Bayesian modelling

Hamiltonian Monte Carlo and probabilistic programming

Léo Belzile

Last compiled Thursday Apr 3, 2025

Curse of dimensionality

This material is drawn from

Check out these animations by Chi Feng

Motivation

We are interested in calculating expectations of some function \(g\) against the posterior. \[\begin{align*} \int_{\mathbb{R}^d} g(\boldsymbol{\theta}) p(\boldsymbol{\theta} \mid \boldsymbol{y}) \mathrm{d} \boldsymbol{\theta}. \end{align*}\]

The integral is determined by the product of the ``volume’’ of \(g(\cdot)\) and the density.

Curse of dimensionality

As the dimension of the posterior, \(d\), grows, the mass concentrates in a small region, the so-called typical set. The number of regions/directions to consider increases exponentially in \(d\).

If we start at the stationary distribution, most proposals from a random walk Metropolis will fall outside of the typical set and get rejected.

This phenomenon also explains the decrease in performance of numerical integration schemes (quadrature).

Better informed proposals

For differentiable targets, we saw that we can do better than random walk Metropolis–Hastings.

  • Idea: use the gradient to make an informed proposal (e.g., in MALA)
  • There are two remaining challenges.
    • it makes a single step from the current position.
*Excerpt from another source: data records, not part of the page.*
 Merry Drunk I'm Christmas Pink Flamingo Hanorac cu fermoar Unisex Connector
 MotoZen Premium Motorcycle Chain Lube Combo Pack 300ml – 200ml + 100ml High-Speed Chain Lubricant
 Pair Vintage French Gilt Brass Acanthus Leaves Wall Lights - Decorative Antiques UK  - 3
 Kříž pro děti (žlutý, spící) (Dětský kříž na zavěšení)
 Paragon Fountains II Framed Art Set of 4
But why stop at one?
    • the gradient needs not be aligned with the typical set (Betancourt analogy with satellite in orbit).

Hamiltonian Monte Carlo

Hamitonian Monte Carlo borrows ideas from Hamiltonian dynamics.

Consider the evolution over time of a particle characterized by a

  • position \(\boldsymbol{\theta} \in \mathbb{R}^d\) along with potential energy \(U(\boldsymbol{\theta})=- \log p(\boldsymbol{\theta} \mid \boldsymbol{y})\)
  • an added auxiliary vector \(\boldsymbol{s} \in \mathbb{R}^d\) of momentum (describing mass and velocity) with accompaying kinetic energy \(K(\boldsymbol{s})= -\log p(\boldsymbol{s})\).

Hamiltonian

Write the negative of the log of the joint density as \[H(\boldsymbol{\theta}, \boldsymbol{s}) = -\log p(\boldsymbol{s}) - \log p(\boldsymbol{\theta}) = U(\boldsymbol{\theta}) + K(\boldsymbol{s}).\]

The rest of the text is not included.